ERO made judgments on the extent to which schools were implementing the kinds of policies and processes the Bullying Free NZ School Framework suggests support the effective prevention of, and response to, bullying. Of the secondary and composite schools ERO visited, around one‑third were working towards a bullying‑free environment to a great extent, a half were to some extent, and one in five to a limited extent. For primary schools, the picture was slightly better, with nearly two in five working to a great extent, just under 44 percent to some extent, and one in six to a limited extent.

While there were some challenges and weaknesses evident, particularly around schools’ internal evaluation and engagement with whānau, these findings suggest most schools have some degree of strength across most of the domains of the Bullying Free NZ School Framework.

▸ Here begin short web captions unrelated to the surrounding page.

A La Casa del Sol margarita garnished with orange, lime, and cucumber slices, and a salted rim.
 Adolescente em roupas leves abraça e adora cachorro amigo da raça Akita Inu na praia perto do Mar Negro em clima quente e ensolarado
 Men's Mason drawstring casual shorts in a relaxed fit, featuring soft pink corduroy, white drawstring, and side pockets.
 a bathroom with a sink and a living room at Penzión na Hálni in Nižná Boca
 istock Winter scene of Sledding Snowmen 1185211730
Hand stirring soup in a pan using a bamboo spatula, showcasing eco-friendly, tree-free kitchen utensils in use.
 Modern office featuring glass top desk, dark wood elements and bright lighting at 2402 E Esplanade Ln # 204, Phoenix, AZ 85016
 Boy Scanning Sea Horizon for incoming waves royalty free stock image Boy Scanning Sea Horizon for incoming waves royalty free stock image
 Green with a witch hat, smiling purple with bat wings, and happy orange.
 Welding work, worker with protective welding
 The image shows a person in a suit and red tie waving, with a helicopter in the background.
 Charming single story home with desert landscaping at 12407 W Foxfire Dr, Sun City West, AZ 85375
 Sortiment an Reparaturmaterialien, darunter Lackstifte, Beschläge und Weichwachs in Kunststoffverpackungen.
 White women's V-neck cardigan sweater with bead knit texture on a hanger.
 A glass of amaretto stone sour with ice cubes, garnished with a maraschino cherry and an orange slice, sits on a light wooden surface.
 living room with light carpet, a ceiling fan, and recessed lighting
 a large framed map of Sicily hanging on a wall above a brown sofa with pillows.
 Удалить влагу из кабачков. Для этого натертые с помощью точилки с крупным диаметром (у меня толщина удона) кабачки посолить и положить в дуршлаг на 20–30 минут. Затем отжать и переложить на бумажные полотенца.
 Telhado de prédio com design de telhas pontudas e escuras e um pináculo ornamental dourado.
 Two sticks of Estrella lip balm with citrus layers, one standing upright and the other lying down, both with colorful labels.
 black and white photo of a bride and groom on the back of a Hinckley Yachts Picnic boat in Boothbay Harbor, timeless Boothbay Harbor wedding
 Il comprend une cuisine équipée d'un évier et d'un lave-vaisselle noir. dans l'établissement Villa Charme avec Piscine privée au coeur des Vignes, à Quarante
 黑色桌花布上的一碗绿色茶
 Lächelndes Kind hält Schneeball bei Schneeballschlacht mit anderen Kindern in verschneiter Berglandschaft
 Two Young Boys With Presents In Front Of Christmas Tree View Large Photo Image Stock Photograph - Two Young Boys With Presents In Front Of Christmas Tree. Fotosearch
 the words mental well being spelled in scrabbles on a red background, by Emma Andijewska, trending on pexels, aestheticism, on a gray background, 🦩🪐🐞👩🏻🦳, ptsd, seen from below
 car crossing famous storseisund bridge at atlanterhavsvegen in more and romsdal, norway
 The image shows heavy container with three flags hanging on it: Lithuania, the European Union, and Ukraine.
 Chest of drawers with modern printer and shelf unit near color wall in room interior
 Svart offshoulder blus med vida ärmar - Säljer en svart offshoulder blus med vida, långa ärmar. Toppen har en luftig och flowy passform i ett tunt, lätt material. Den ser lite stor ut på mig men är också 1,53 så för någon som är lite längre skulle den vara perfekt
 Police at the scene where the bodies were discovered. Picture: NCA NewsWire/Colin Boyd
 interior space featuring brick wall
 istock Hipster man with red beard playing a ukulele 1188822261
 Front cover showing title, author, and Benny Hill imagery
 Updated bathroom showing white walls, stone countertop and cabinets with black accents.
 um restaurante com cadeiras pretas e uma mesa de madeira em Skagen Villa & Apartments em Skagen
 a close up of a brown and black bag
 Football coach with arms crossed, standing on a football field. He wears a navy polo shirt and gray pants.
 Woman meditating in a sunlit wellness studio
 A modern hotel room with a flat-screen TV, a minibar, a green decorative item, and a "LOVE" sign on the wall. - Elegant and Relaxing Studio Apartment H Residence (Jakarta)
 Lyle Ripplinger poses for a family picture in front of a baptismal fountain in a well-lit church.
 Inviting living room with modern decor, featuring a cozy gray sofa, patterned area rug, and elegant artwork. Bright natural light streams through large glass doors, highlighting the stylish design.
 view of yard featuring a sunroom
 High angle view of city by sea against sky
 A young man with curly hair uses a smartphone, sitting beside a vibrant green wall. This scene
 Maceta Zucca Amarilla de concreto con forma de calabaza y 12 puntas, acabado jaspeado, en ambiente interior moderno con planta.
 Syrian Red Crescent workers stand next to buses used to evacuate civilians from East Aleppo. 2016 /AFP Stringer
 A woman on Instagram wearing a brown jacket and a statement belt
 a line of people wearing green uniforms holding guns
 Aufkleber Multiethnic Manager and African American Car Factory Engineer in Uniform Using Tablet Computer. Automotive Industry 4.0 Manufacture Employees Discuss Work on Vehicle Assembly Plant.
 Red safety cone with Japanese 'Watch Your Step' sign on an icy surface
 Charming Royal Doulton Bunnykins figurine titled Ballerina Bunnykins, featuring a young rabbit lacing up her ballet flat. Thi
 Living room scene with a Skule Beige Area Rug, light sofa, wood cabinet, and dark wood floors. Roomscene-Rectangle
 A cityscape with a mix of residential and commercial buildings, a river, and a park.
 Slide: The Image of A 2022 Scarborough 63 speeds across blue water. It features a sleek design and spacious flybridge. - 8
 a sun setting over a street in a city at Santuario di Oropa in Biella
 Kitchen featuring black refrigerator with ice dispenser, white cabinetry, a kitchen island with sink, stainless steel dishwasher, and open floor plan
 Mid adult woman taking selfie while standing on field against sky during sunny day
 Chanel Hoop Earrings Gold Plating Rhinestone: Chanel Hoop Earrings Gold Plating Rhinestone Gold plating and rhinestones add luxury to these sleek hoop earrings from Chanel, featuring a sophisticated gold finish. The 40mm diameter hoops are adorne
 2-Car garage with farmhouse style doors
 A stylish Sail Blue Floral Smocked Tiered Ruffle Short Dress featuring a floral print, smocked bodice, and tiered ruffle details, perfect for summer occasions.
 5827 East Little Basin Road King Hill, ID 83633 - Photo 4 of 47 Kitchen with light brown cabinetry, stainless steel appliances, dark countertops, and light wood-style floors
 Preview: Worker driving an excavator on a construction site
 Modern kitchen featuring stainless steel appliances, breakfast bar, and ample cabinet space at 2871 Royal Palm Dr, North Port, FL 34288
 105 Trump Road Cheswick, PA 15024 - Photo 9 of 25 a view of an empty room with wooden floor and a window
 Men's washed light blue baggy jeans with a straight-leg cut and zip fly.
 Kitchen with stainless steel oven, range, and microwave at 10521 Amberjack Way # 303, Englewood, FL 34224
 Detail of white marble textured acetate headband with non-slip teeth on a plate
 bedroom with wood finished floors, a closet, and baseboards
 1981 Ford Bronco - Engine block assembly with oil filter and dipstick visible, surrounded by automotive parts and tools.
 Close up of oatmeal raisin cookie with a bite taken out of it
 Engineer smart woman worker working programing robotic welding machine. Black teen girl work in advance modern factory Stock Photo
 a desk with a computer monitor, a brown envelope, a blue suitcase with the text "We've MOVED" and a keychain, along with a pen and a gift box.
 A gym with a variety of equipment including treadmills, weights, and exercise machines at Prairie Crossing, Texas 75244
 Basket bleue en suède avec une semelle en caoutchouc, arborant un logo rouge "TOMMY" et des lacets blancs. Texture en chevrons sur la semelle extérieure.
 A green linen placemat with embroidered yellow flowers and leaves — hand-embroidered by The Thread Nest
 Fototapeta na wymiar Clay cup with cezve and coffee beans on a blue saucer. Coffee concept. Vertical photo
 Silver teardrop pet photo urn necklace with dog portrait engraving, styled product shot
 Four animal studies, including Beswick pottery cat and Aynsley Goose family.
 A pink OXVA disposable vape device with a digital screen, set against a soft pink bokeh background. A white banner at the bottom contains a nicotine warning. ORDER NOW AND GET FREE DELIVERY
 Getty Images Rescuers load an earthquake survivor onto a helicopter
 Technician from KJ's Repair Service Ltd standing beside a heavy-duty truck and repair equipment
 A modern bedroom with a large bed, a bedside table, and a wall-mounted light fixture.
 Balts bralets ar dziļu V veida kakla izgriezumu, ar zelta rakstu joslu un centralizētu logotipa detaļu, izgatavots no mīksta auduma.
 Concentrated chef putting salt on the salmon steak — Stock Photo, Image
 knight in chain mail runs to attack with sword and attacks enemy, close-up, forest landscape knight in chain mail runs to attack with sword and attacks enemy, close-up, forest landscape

Despite this, bullying rates remain high. In ERO’s survey of students undertaken for this evaluation, 46 percent of primary‑age students and 31 percent of secondary‑age students reported having been bullied at their current school. 61 percent of primary‑age students and 58 percent of secondary‑age students reported having witnessed someone else being bullied at their current school. These findings align substantially with those of the international comparative studies mentioned above, and other New Zealand research from The University of Auckland’s Adolescent Health Research Group,  and the Office of the Children’s Commissioner. The next iterations of TIMSS and PISA will provide further opportunities to benchmark New Zealand’s bullying rates against those of other OECD countries.

The persistently high rates of bullying suggest that, while consistency and coherence in schools’ approaches to bullying prevention and wellbeing are important, there is no silver bullet for bullying prevention. It is possible the elements of the Bullying Free NZ Framework where performance is weaker (use of data, support for student agency) are crucially important to successful prevention. It may also be that a focus on generic bullying prevention can only go so far, and further improvements can only come from more targeted actions focused on specific issues like racism and homophobia. Finally, many of the most salient drivers of bullying may be beyond schools’ direct control, related to parental attitudes, and broader societal issues.

ERO recommends school leaders use the Bullying Free NZ Framework and associated resources to:

  • make sure school staff and community have a shared understanding of what constitutes bullying behaviour, school policies are up to date, and bullying prevention and response processes are consistently evident in practice
  • strengthen data collection, analysis and evaluation of bullying prevention strategies, including the impact and effectiveness of any specific programmes implemented
  • provide opportunities for students to have input into the development of bullying prevention and response strategies, and empower student‑led initiatives and groups
  • involve parents and whānau more proactively in bullying prevention in addition to response.